Walking alongside the Seine with a buttery croissant in hand, the soothing sounds of Francois Hardy playing through my head, and pep in my step because I’m in Paris, one of my favorite cities. Would you have to be crazy to say no to a trip to Paris? I think so, and so did Audrey Hepburn…Paris is always a good idea.
Strolling through Paris by foot is a treat all its own. My eye is drawn up to the ornate architecture, a reminder that Paris has always been in style and the Parisians know it. The Parisian folk, meanwhile, strut by in their fashionable digs as if the whole city is a runway and every week is fashion week. They are effortlessly chic, a model of envy for the fashion-focused around the world.
I don’t know how these Parisian men and women stay thin enough to sport their high-fashion choices, as I feel pressured by the cafes, boulangeries, bakeries, and creperies lining every street. My belly longs for more hand-crafted delicacies, always hungry never satiated. I wonder if the Parisians have a secret. Perhaps if I lived here I would know too. But for now I’m a visitor and I decide to indulge my gourmande inclinations, so I purchase a baguette for my walk. I bite into the flaky exterior and the warm soft inside stops me in my tracks. Deux euros well spent.

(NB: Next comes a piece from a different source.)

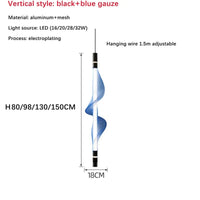 Lustre LED italien créatif - bande luminaire | Marco Lucetti B Noir Bleu / L80CM / Lumière blanche 6000K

As I near the Cathedrale de Notre Dame, I’m daunted by the crowds. Every tourist knows this place, and certainly there are other churches and cathedrals worth marveling over in Paris. Too many to count, in fact. Yet the charm of this place, the enormity of its interior, its permanence in the French history draws me in. Inside, I’m awestruck by the height of the ceilings, the detail of the hand-carved stonework, the bright colors of the stained glass windows, the feeling of humility in this place of worship. I choose a wooden pew that suits my fancy, sitting for a chance to reflect. Here I can clear my head, I feel closer to myself and my morality. Notre Dame is my spiritual recharge. I want this cathedral to always provide this opportunity to people, to inspire awe and wonder, to command respect, so I drop a few euros into the donation bin as I exit.

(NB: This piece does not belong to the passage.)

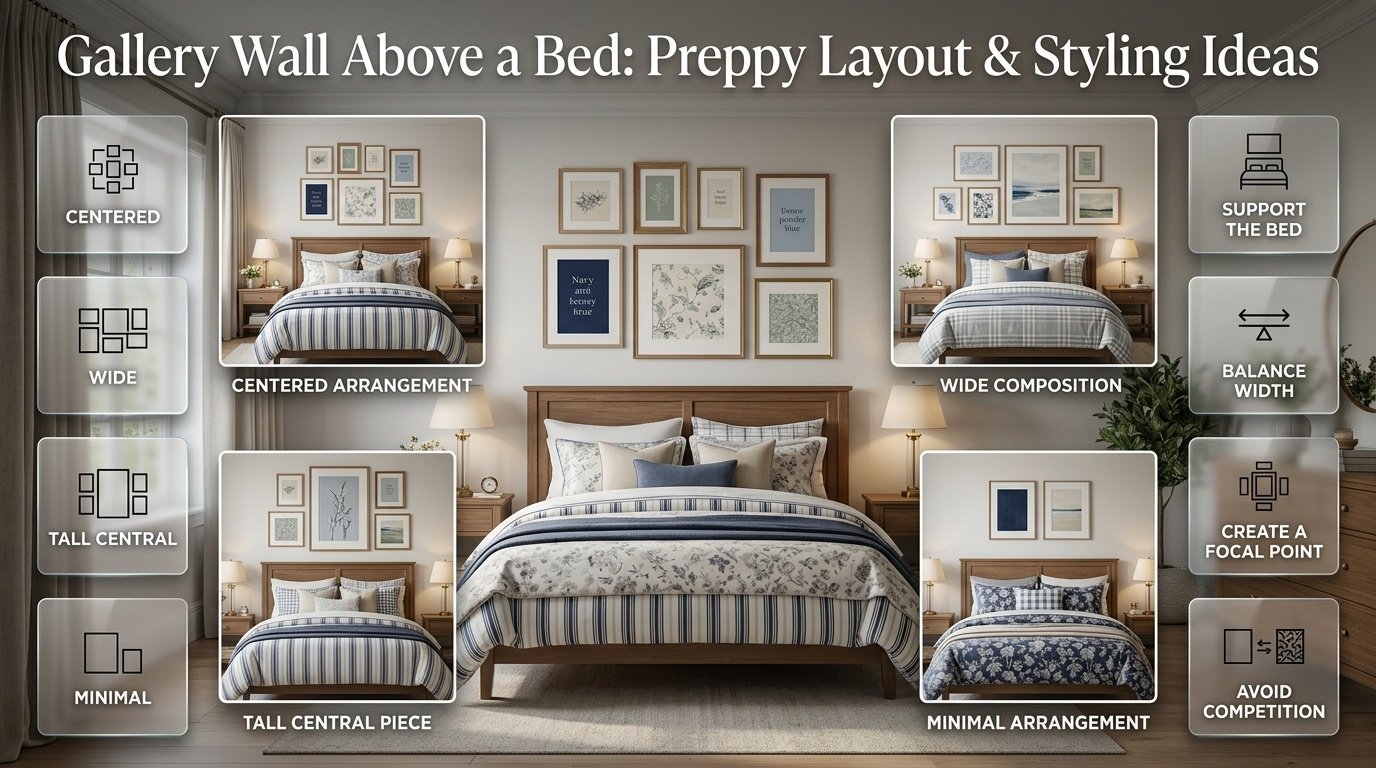 Gallery wall above a preppy bed showing centered, wide, tall central, and minimal artwork arrangements for balanced styling.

Ready for a midday cappuccino, I settle in to a corner cafe with a burgundy red exterior, lots of windows with flowered window-boxes, and an open door releasing the smell of pain au chocolat into the streets. The cafe culture in Paris is the stuff of dreams. French language buzzes around my ears, frothy creamy milk over espresso warms my tongue, and I watch people of every variety walking by. My nose is filled with the scents of fresh pastries baking in the kitchen. I don’t think they try to contain the smell, as it has inspired almost every table to order some of the sweets. My hands rest on the marble table atop a curled wrought iron stand, with a copy of Vogue Paris. I feel I am at the center of French culture. Though perhaps I would fit in better if I had done more to brush up on my French. Mais hélas, je suis un étranger par tous les égards.
I suppose it wouldn’t hurt my image any more to pull out my map then. I pencil in the spots I’d like to reach today, and those I will see tomorrow. Paris is so vast and abundantly filled with an infectious culture that draws me in. I will never bore of Paris. It is always a good idea.